WPB Mayor Jeri Muoio talking to news media today after making it official:

 

The deal is signed, sealed and delivered by the Mayor.

The land once again belongs to the City

Read the entire agreement by clicking the link below.

 

Watch as Mayor Muoio heads over to file the official paperwork:

(West Palm Beach, FL) – Less than two months after Digital Domain filed bankruptcy, the land that was conditionally given to the digital effects company is back in City of West Palm Beach hands.

Earlier today, West Palm Beach Mayor Jeri Muoio personally filed the Deed to the property with the county clerk’s office, making it official.

The so-called “tent site” was given to Digital Domain in 2010 for the purpose of constructing a new headquarters for the company and a home for the new FSU digital animation program. Once the company filed bankruptcy and was unable to fulfill it commitments, a clause in the 2010 agreement required the land be returned.

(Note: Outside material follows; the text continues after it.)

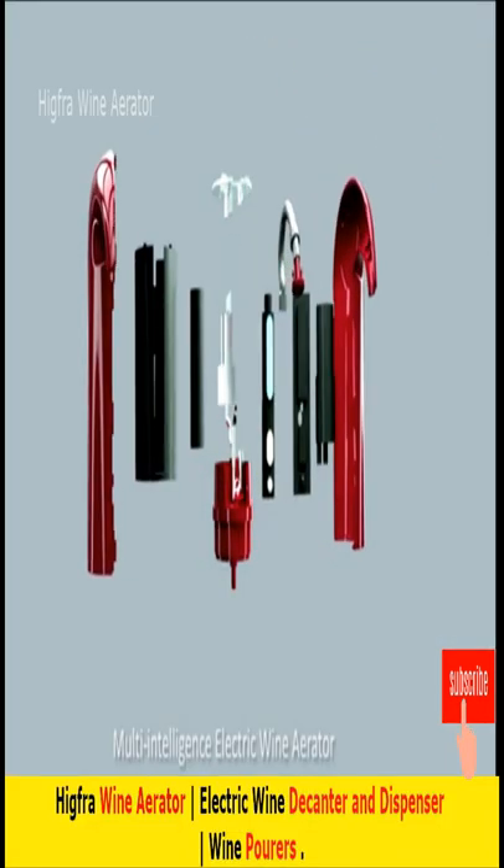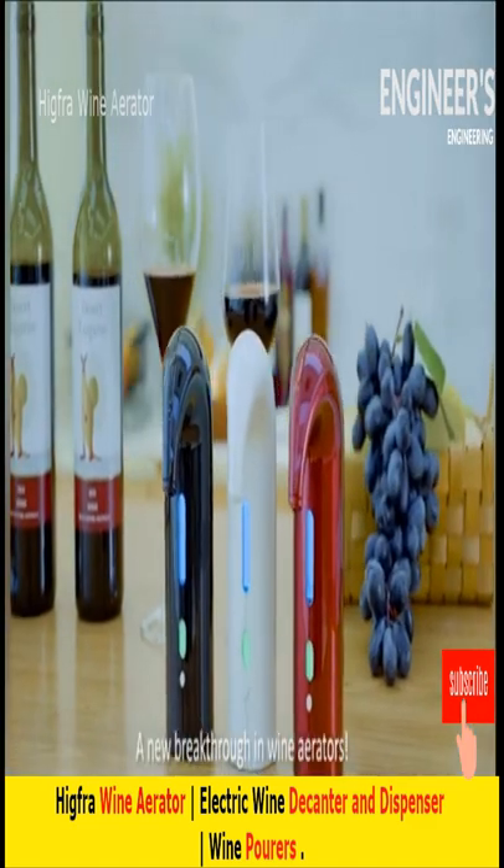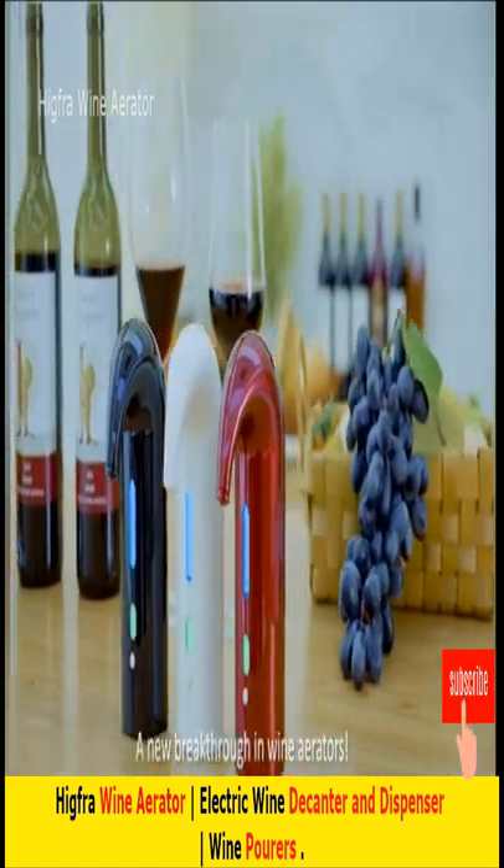Smart, multi-intelligence, electric wine aerator. A new breakthrough in wine aerators in green.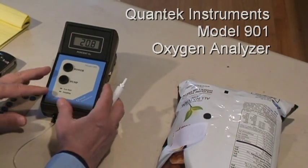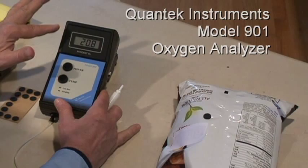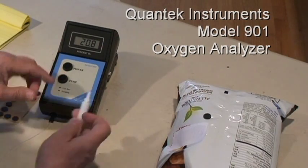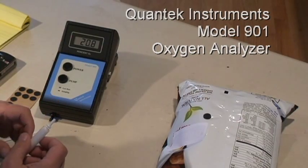The 901 is a small compact unit that's battery operated and very simple to use. It has an LCD readout at the top, a power switch, a pump switch, and a sample probe to which gets affixed a needle and a filter for sampling.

“We have always had the facts and the law on our side. Getting the land  back this quickly proves beyond a shadow of a doubt that our agreement, from day one, was crystal clear and legally binding,” said West Palm Beach Mayor Jeri Muoio.

“It is almost unheard of to settle a bankruptcy case like this so quickly.  Some self-appointed experts, knowing little about this case, expressed doubts. But the people involved in this case who knew the facts firsthand all agreed.  The land must be returned to the City,” said Muoio.

“In less than two months, the City got its property back. That is a testament to the good legal work that was done by the City and the City’s attorneys at the time the deal was done and the property was conveyed to Digital Domain,” said Robert Furr, a noted bankruptcy attorney in South Florida and member of the City’s legal team. “It is a remarkable result to get something back in 60 days in court today in this country.”

The terms of the 2010 agreement between Digital Domain and the City required Digital Domain to fulfill several benchmarks. Those requirements were not met, triggering a protective clause that ordered the land be given back to the City.

As part of the bankruptcy settlement that returned the land to the City, all the parties agreed to give up any claims to the City’s property. In return, the City agree to give up any future claims against Digital Domain.

“In reality, we really didn’t give up anything,” said Mayor Muoio. “Digital Domain is bankrupt. Anything of any value has been auctioned off, and the rest is being picked over by a laundry list of creditors trying to salvage what they can.  Our only priority was getting the land back, and that is exactly what we did.”